Arts, Features

Boston Women’s Film Festival highlights female resilience in film industry

Kim Chambers in “Kim Swims” (2017). COURTESY OF KATE WEBBER/ KIM SWIMS FILM LLC

When Judy Shefshick-Karll and her friend Janis Fox Steigman attended a screening of the film “What They Had” Sunday afternoon at the Museum of Fine Arts, Shefshick-Karll was not expecting to be confronted by pieces of her own life story.

“We have a friend that’s dying now. It’s hard for us to get away. It was a diversion today, but it’s life,” Shefshick-Karll, 71, of Braintree, said. “We see life exactly how it’s presented in this production.”

Much like the family portrayed in the film, Shefshick-Karll’s father suffered from degenerative diseases of the brain. She said she struggled with sharing the responsibility of caring for her father with her brother, who lived in California, mirroring the plot of the film.

“It was truly real life,” Shefshick-Karll said. “[The film shows] how women deal with life. I feel like I wrote it myself.”

The “What They Had” screening was part of the inaugural Boston Women’s Film Festival, hosted at the Museum of Fine Arts and the Brattle Theatre. According to Jo Ann Graziano, the festival’s executive director, the festival showcased a collection of 18 international dramas, comedies and documentaries directed by and featuring women.

“The time was right [to talk about] women in cinema,” Graziano said.

To do that, Graziano said members of the festival’s jury traveled to other festivals, such as the Sundance Film Festival, the Tribeca Film Festival and the Berlin International Film Festival, searching for films that fit into their vision.

“The ones that spoke to us the most about women’s vision were the ones that had this overarching theme of resilience,” Graziano said.

“On Her Shoulders” in particular inspired the festival’s topic, according to Graziano. The award-winning documentary tells the story of Nadia Murad, a Yazidi woman forced into sexual slavery.

Graziano explained that the plot portrays the struggles Murad faces after becoming the youngest member of the United Nations and shows “how tough it is for someone to suddenly become famous when all you wanted to be was a hair stylist in your little village.”

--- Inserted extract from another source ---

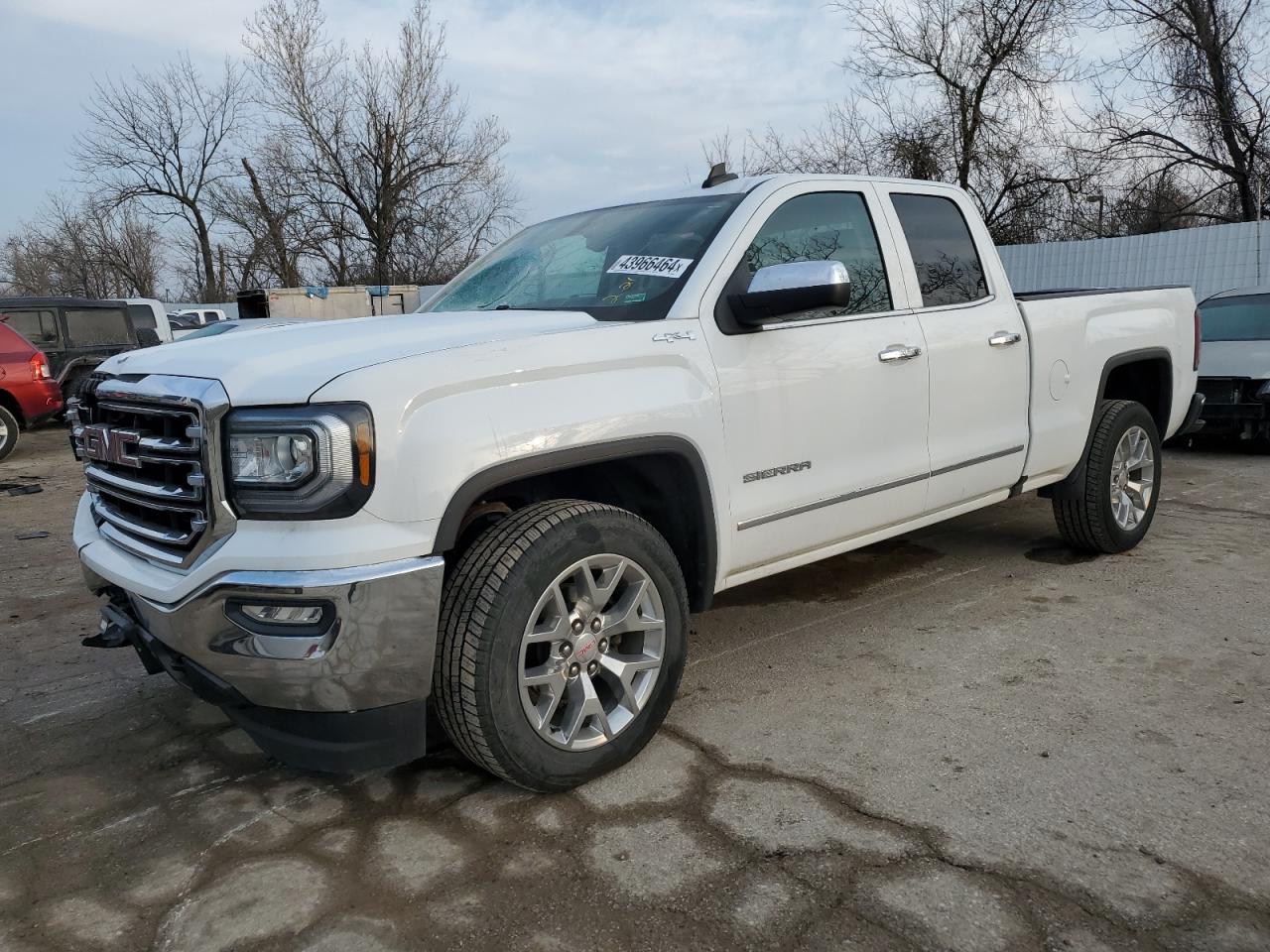 GMC Sierra 2017 SLT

“She’s become the spokesperson for all refugees,” Graziano said. “We kept saying, ‘Huh, resilience.’ In the face of adversity, women seem to persevere. They rise above.”

The festival also shone light on the story of Kim Chambers, featured in the documentary “Kim Swims.” The full-length film, director Kate Webber’s first, tells the story of Chambers’ attempt to become the first woman to complete the 30-mile swim from the Farallon Islands to the Golden Gate Bridge through shark-infested waters.

“I think it’s a portrayal of a strong, brave woman by another strong, brave woman,” Webber told The Daily Free Press.

Webber said she believes in the importance of resilience in Chambers’ story, her film and her own life. The director said she chose to write “Always keep moving forward” in the last line of credits to celebrate another strong female figure, her mother.

“It was near when she was passing away, and I wanted to understand how she’d gotten through difficult times in life,” Webber said. “She said, ‘Always keep moving forward,’ and that is very much what I’ve continued to do since her passing and in the making of this film. I think it’s a great motto for anyone, and Kim exemplifies it so well.”

Now, Webber said she looks forward to inspiring audiences through her film and the Resilience Social Impact campaign, a national screening campaign bringing Webber’s film to communities across the country.

“The impact that I hope to have is to inspire people through what Kim has done, or even through what I have done as a first-time filmmaker,” Webber said.

Webber said she is particularly excited for two girls who will be in attendance — her nieces.

“It’s pretty awesome to have these two little ladies come and see what their aunt made, watching this other brave person,” Webber said.

After the festival ends, Graziano said she hopes the women who attended will be inspired to pursue careers in the film industry and change its landscape. While many women have seen success in television with award-winning shows like “The Handmaid’s Tale,” she said that progress in film has been slow-going.

Yet Graziano cited Cathy Yan, director of “Dead Pigs,” as a success story after she recently was selected to do “Birds of Prey” with DC Comics.

In the future, Graziano said she hopes that the film festival will attract even more viewers and directors and will have new elements, such as programming for high school students and film competitions for students.

“We have to give women the shot men have had all along,” Graziano said. “We want to promote young women on the rise.”

CORRECTION: A previous version of this article misattributed the photo courtesy. The photo is courtesy of Kate Webber at Kim Swims Film LLC.